- Type: Formation
- Underlies: Palliser Formation
- Overlies: Southesk Formation, Mount Hawk Formation
- Thickness: Up to about 100 metres (330 ft)

Lithology
- Primary: Dolomite
- Other: Siltstone

Location
- Coordinates: 52°26′00″N 115°54′00″W﻿ / ﻿52.43333°N 115.90000°W
- Region: Alberta
- Country: Canada

Type section
- Named for: Alexo, Alberta
- Named by: R. de Wit and D.J. McLaren, 1950.

= Alexo Formation =

Geologic formation in Alberta, Canada

The Alexo Formation a stratigraphic unit of Late Devonian (late Frasnian to early Famennian) age. It is present on the western edge of the Western Canada Sedimentary Basin in the central Rocky Mountains and foothills of Alberta. The formation consists primarily of dolomite. It is locally fossiliferous and includes remains of marine animals such as brachiopods and conodonts.

==Lithology and thickness==

The Alexo Formation was deposited in a marine setting and consists of dolomite, silty and argillaceous dolomite, dolomitic siltstone, and vuggy dolomite. It has a maximum thickness of about 100 m, and is thinner in areas where it covers carbonate buildups (reefs) in the underlying formations.

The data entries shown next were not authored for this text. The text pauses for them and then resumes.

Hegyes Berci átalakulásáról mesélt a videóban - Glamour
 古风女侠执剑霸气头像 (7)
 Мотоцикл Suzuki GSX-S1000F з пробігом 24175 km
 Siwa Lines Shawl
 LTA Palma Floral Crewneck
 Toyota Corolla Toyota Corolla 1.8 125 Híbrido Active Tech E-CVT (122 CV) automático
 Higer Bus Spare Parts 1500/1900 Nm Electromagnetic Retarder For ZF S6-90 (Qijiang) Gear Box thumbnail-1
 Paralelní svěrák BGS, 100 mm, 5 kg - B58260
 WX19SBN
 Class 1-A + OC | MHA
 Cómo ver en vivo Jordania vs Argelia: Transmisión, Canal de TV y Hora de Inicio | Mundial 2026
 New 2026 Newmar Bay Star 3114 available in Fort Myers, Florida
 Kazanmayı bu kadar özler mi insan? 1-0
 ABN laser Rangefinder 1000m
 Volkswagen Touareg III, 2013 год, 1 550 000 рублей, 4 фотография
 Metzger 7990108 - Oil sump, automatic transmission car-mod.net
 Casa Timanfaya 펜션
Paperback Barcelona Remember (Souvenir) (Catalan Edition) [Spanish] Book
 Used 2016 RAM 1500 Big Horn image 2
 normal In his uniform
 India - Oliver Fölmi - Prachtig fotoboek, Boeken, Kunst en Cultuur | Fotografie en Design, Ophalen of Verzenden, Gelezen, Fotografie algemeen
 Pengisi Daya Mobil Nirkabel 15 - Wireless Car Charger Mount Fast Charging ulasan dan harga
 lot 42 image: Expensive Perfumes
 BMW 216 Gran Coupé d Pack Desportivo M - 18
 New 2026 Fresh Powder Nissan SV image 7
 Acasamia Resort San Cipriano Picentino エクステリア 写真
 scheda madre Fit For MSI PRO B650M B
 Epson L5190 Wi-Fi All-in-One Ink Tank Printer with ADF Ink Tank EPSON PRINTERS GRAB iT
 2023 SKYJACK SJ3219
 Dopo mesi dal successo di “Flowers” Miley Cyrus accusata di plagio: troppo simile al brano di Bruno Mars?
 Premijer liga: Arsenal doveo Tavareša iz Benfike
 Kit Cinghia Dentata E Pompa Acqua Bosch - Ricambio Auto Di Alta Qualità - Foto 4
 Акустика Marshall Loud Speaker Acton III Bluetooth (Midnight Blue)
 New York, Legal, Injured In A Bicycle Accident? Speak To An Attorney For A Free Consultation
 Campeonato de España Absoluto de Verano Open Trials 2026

==Distribution and relationship to other units==

The Alexo Formation is present in the central Rocky Mountains of Alberta and the adjacent foothills, extending from the Crows Nest Pass area in the south to the North Saskatchewan River in the north. It overlies the Southesk or Mount Hawk Formation, depending on the location. It is overlain by the Palliser Formation.

The Alexo was originally considered to extend as far north as Jasper but was revised by McLaren and Mountjoy in 1962. In the area between the North Saskatchewan River and Jasper, they designated the upper beds of the Alexo as the Sassenach Formation, and the lower beds as part of the upper Southesk Formation.